** Task to complete **
Would you set down all of the entries below exactly as they stand?

(Short descriptive text snippets)
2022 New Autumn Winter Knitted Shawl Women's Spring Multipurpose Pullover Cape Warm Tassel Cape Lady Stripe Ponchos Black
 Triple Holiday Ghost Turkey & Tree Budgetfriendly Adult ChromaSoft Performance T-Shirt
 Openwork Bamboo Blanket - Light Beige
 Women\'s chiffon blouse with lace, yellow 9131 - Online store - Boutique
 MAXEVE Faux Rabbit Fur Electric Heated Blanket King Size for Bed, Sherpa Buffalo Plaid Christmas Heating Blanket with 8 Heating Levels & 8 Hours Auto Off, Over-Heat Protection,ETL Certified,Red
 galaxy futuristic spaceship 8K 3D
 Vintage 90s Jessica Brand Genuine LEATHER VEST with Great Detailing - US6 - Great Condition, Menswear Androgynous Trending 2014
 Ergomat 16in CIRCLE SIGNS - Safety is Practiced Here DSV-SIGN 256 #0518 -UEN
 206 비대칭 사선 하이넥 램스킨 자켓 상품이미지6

** Solution to this task **
2022 New Autumn Winter Knitted Shawl Women's Spring Multipurpose Pullover Cape Warm Tassel Cape Lady Stripe Ponchos Black
 Triple Holiday Ghost Turkey & Tree Budgetfriendly Adult ChromaSoft Performance T-Shirt
 Openwork Bamboo Blanket - Light Beige
 Women\'s chiffon blouse with lace, yellow 9131 - Online store - Boutique
 MAXEVE Faux Rabbit Fur Electric Heated Blanket King Size for Bed, Sherpa Buffalo Plaid Christmas Heating Blanket with 8 Heating Levels & 8 Hours Auto Off, Over-Heat Protection,ETL Certified,Red
 galaxy futuristic spaceship 8K 3D
 Vintage 90s Jessica Brand Genuine LEATHER VEST with Great Detailing - US6 - Great Condition, Menswear Androgynous Trending 2014
 Ergomat 16in CIRCLE SIGNS - Safety is Practiced Here DSV-SIGN 256 #0518 -UEN
 206 비대칭 사선 하이넥 램스킨 자켓 상품이미지6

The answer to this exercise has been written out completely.